The 90-year-old Bob Dorough and “Little” Jimmy Scott are among the last of the classic jazz vocalists: singers who phrase with genius, and express the lyric as nobody can; who plunge into character from the first notes; their voice a magical instrument that—in the case of Mr. Scott—a flute, or a soprano saxophone; even a piano played in the upper register for he is pitch perfect. In the case of Bob Dorough his voice is a as husky and brazen as a horn—a trumpet, or trombone; an oboe, a saxophone or a tubaeven a whole string section with its undulating and glissandos that rise and fall with ingenuity; and the sudden arpeggios that spell utter magic; all of this despite the fact that Mr. Dorough’s vocalastics and vocalese are generous to a fault; him being cut from the warp and the weft of a musical fabric that flows diaphanously right out of his proverbial horn of plenty. But when Mr. Dorough starts to sing a magical transubstantiation takes place. It is then that Bob Dorough becomes a proverbial condor; which means that while his fodder is music—earthbound music—he derives and provides the most glorious pleasure from soaring high above and mere mortals can only stand agape at the immensity of his world.

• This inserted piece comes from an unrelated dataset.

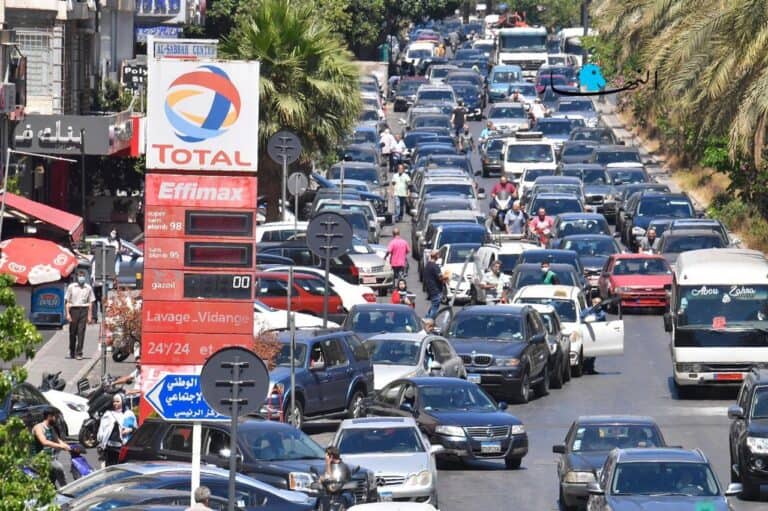 ضحايا “معارك الوقود” في لبنان.. إطلاق نار وسقوط جرحى في مشهد كارثي (فيديو) أزمة الوقود في لبنان watanserb.com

At his advanced age, the mastery of music sometimes slows down, but not for Bob Dorough. His vocals have become a tad more grizzled and this has made his voice a lot more attractive. Moreover he is endlessly inventive. Who else could turn a reading from a Webster’s Dictionary into a mesmerising lyric as Mr. Dorough does in “Love (Webster’s Dictionary),” as he spins out a stylish love song. His weaving lyric into melody almost ends in “antonym: hate” as he all but finishing his sublime narration in a Shakespearean manner with a stab of an imaginary knife. He follows this up with a cynical song about “Whatever Happened to Love Songs” in his own inimitable wail as he bemoans the twisted state of love. In this and in “But For Now” he reveals some of the finest phrasing since Louis Armstrong. His expressive nature and his palpitating heart is also revealed here. In those and all the rest of the repertoire Bob Dorough reveals his heartfelt, sentimentality and the fact that there is no one comparable to the vocalist—at least no one who can sing with his expressive cynicism and also his warm and moist sentiment—not even singers half his age.

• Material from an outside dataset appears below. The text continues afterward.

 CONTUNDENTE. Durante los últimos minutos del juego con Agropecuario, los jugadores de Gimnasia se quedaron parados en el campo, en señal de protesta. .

But Bob Dorough is one of those singers who belong to no age, yet all ages. He might have sung Broadway, with Sidney Bechet or Charlie Parker, the swing age and Benny Goodman; even Miles Davis, with whom he actually did and almost anyone in between. He is that timeless. Happily the album is made up of some fine performances by his daughter the flutist Aralee, Denis Dotson’s marvelous trumpet work, Phil Woods on alto saxophone as well as Thomas Hultén on trombone and tuba, and Warren Sneed on tenor and soprano saxophones. These magnificent performances inform the ensemble that backs up the ineffable Mr. Bob Dorough, one of the icons of modern music whose album Eulalia is truly unforgettable.
Track List: Eulalia; Love (Webster’s Dictionary); Whatever Happened to Love Songs; But for Now; I’ve Got Just About Everything; A Few Days of Glory; Consummation; Eulalia Reprise.

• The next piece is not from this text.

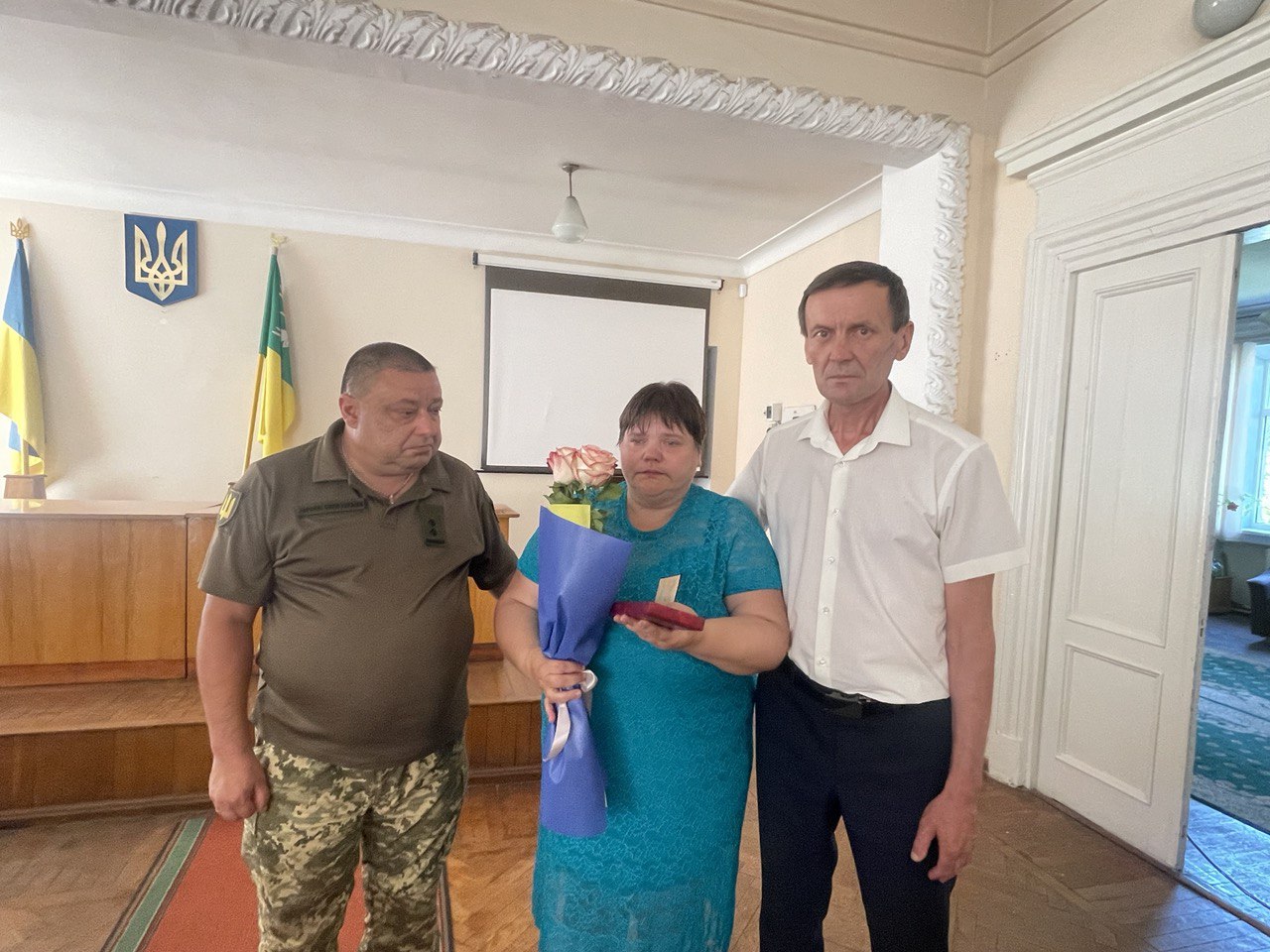 Державну нагороду загиблого воїна з Кiровоградщини вручили його мамi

Personnel: Bob Dorough: piano, vocals, arrangements; Steve Gilmore: acoustic bass; Herman Matthews: drums; Phil Woods: alto saxophone; Aralee Dorough: Flute: Dennis Dotson: trumpet; Thomas Hultén: trombone, tuba; Warren Sneed: tenor and soprano saxophones; Keith Vivens: electric bass (3, 7); Ray Wilson: guitar; Mike Mizma: vibes, pandeiro (2); Gary Mitchell Jr.: vocals and Hammond B3 (7); Timmie Bradley: vocals (7).